## Work required
Make an exact copy, without pictures, of the lines below from the one containing "Family Story Junk" to the last line, both ends included.

## Available data
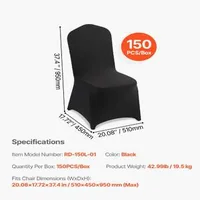Huse-pentru-scaune-din-spandex-150-de-bucăți-mărime-universală-negre-cu-margine-frontală-dreaptă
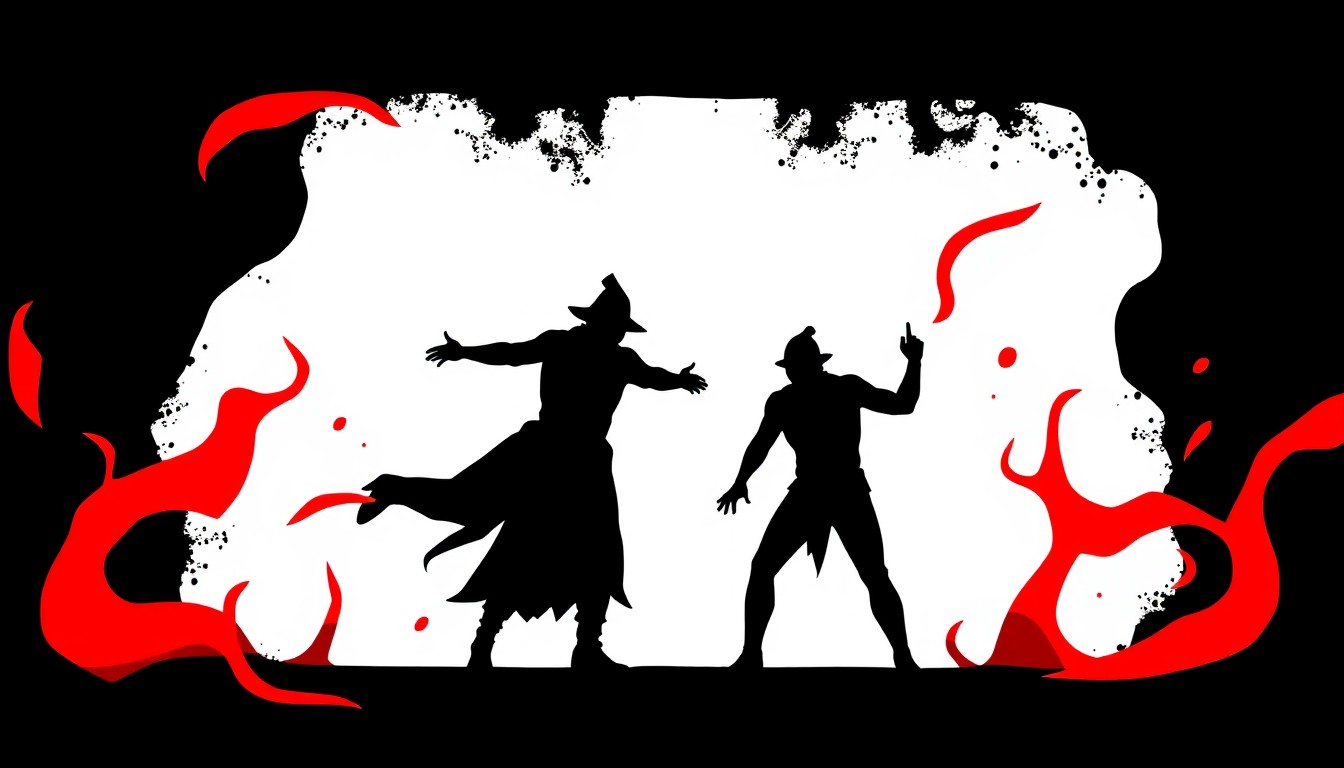 A dramatic, abstract illustration featuring bold black silhouettes and fiery red shapes, conveying the intense and supernatural themes of the 'Inferno' circus performance.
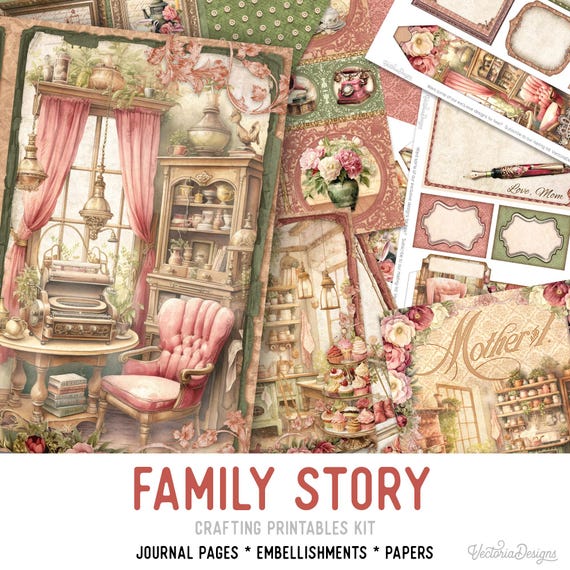 Family Story Junk Journal Kit (Standard) - Printable Pages, Papers and Embellishments for Crafting - 003585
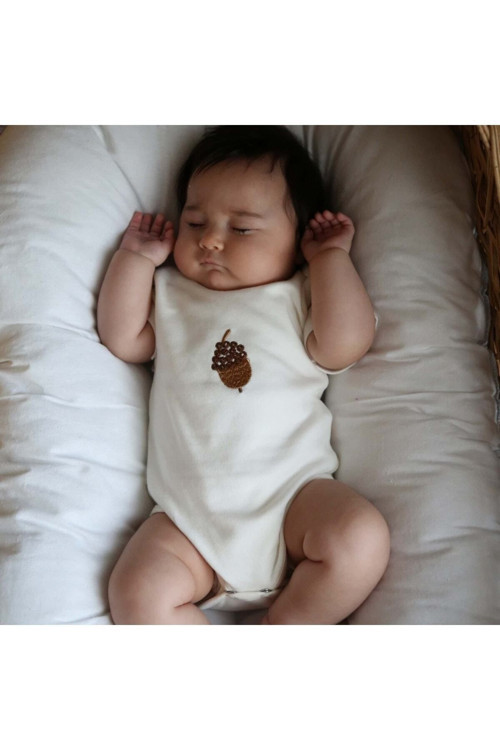 Ohlalakoala Palamut Nakışlı Çıtçıtlı Body - Zıbın 3-6 Ay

## Answer to the exercise
 Family Story Junk Journal Kit (Standard) - Printable Pages, Papers and Embellishments for Crafting - 003585
 Ohlalakoala Palamut Nakışlı Çıtçıtlı Body - Zıbın 3-6 Ay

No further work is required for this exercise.